I KNOW I can get all three of these in my mouth at once if I try hard enough!


----------



## Jason L (Mar 20, 2009)

> Originally Posted By: bcannie
> I KNOW I can get all three of these in my mouth at once if I try hard enough!


I like how this cutie pie thinks!


----------



## Raziel (Sep 29, 2009)

great pics! what a gorgeous girl!!!


----------



## middleofnowhere (Dec 20, 2000)

Hah! You drugged her to get those photos!









She's a cutie, lots darker than Valkyrie!


----------



## doggiedad (Dec 2, 2007)

what "Led" you to Zeppelin??? nice looking
puppers.


----------



## Bcannie (Jul 8, 2009)

> Originally Posted By: doggiedadwhat "Led" you to Zeppelin??? nice looking
> puppers.


Do you mean the name or the dog?











> Originally Posted By: middleofnowhereHah! You drugged her to get those photos!
> 
> 
> 
> ...


These are some of the first still pics I have been able to get!! I was thinking how calm she looked when I posted them!

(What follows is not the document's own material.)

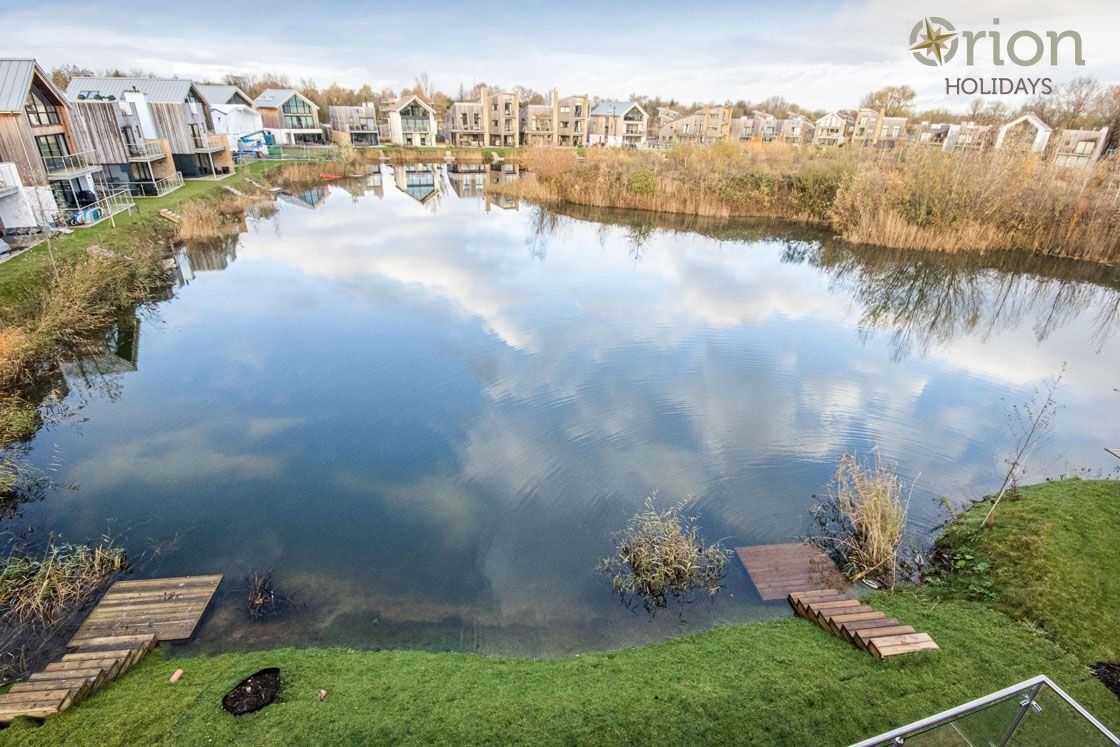 A tranquil lake with wooden docks, surrounded by modern buildings with large windows and balconies.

I just noticed the face darkening this last week. Her legs have lightened up alot too.


----------



## JakodaCD OA (May 14, 2000)

she is gorgeous !!!


----------



## Rei (Oct 10, 2008)

Woah, now THIS is the puppy that *occasionally* acts up? I don't believe it! She looks like an absolute angel... albeit a very determined, spunky little angel. Was Trent ever that cute?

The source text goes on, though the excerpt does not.